Multiple sclerosis (MS) is a chronic demyelinating inflammatory disease of the central nervous system (CNS) affecting prevalently young adults (1, 2). The pathogenesis of MS has long been attributed to self-reactive T cells but recently the relevant role of B cells has also been recognized (2, 3). Furthermore, it has been demonstrated that innate immunity has a pivotal role in the beginning and in advanced stages of MS (4–6).
Innate immunity represents the immediate non-specific defense against infections and dangerous agents acting through its essential arms such as inflammation and blood coagulation (7–10). The coagulant processes are normally balanced by the natural anti-coagulant system needed to limit the host damage, and their imbalance leads to venous thrombosis (7, 8).

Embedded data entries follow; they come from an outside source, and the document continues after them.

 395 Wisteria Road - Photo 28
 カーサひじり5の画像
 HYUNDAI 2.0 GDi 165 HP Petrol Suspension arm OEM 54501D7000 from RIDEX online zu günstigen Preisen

Many evidences reported below support a significant presence of local and systemic thrombotic events in MS confirming the global over-stimulation of innate immunity for both its inflammatory and coagulant components.
Venous Thromboembolism and Cerebral Thrombosis in MS
Several extensive studies have shown the association between venous thromboembolism and MS from its early stages. In a large population-based cohort study evaluating data from a 30-year Danish National Registry, MS was associated with increased long-term risk of venous thromboembolism (11). Another paper, based on the review of one cohort study and three cross-sectional studies, found that early MS was associated with an increased risk of pulmonary embolism, deep venous thromboembolism, and stroke, both the latter persisting over time (12). Other large studies have shown an increased risk of venous thromboembolism in MS as well as in several other immune-mediated illnesses (13–15).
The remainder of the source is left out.